--- PROVIDED DATA Enclosed Below ---
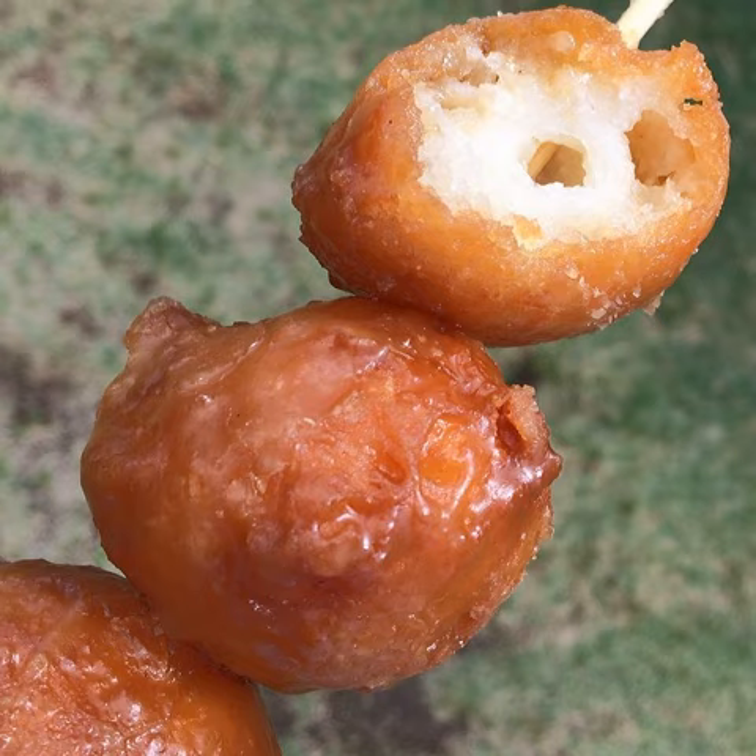2 cups shredded coconut, 1 cup frozen coconut milk, and oil for frying.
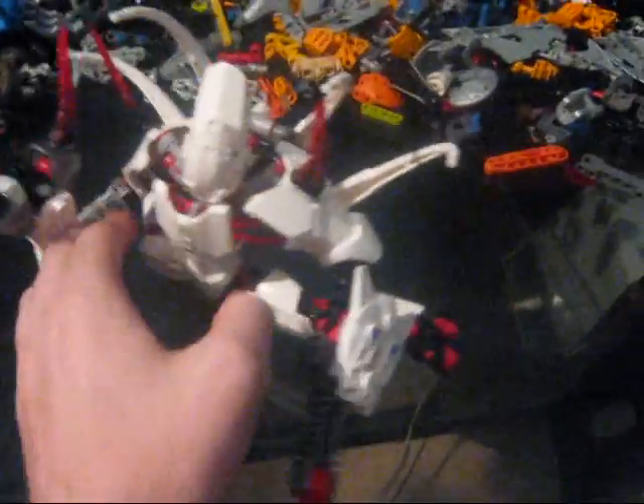So yeah, I will make instructions on this.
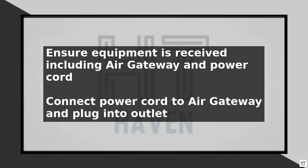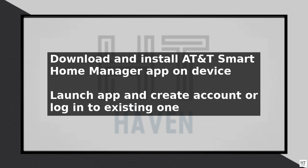Next, download and install the AT&T Smart Home Manager app on your mobile device. This app will help you manage your network and devices. Once installed, launch the app and follow the prompts to create an account or log in to your existing one.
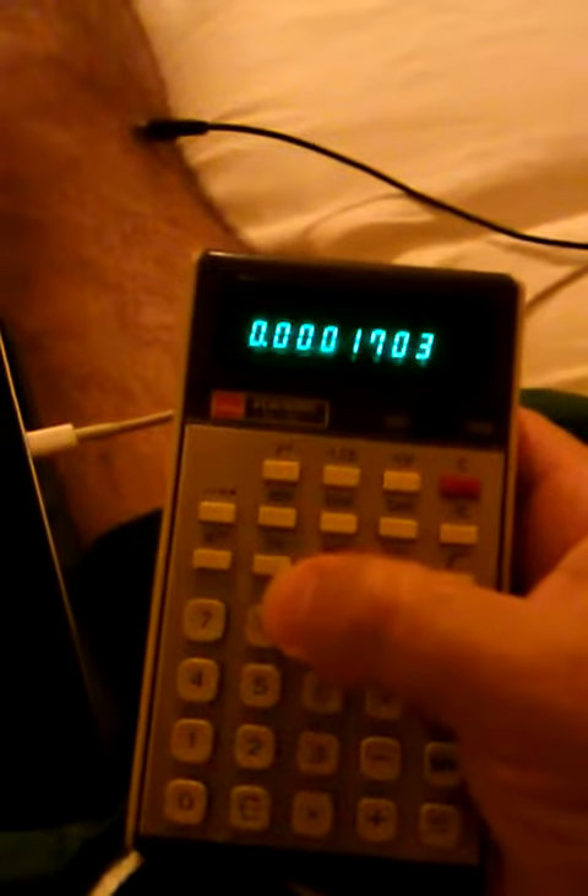Check out this awesome old-school LED display — totally green! I don't really think the sine, cosine, and tangent are calculating properly, but it doesn't really matter because it looks cool.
--- End of Enclosed PROVIDED DATA ---
**EXERCISE INSTRUCTIONS:** Give back the data exactly, with no images.

**RESPONSE TO THIS TASK:**
2 cups shredded coconut, 1 cup frozen coconut milk, and oil for frying.
So yeah, I will make instructions on this.
Next, download and install the AT&T Smart Home Manager app on your mobile device. This app will help you manage your network and devices. Once installed, launch the app and follow the prompts to create an account or log in to your existing one.
Check out this awesome old-school LED display — totally green! I don't really think the sine, cosine, and tangent are calculating properly, but it doesn't really matter because it looks cool.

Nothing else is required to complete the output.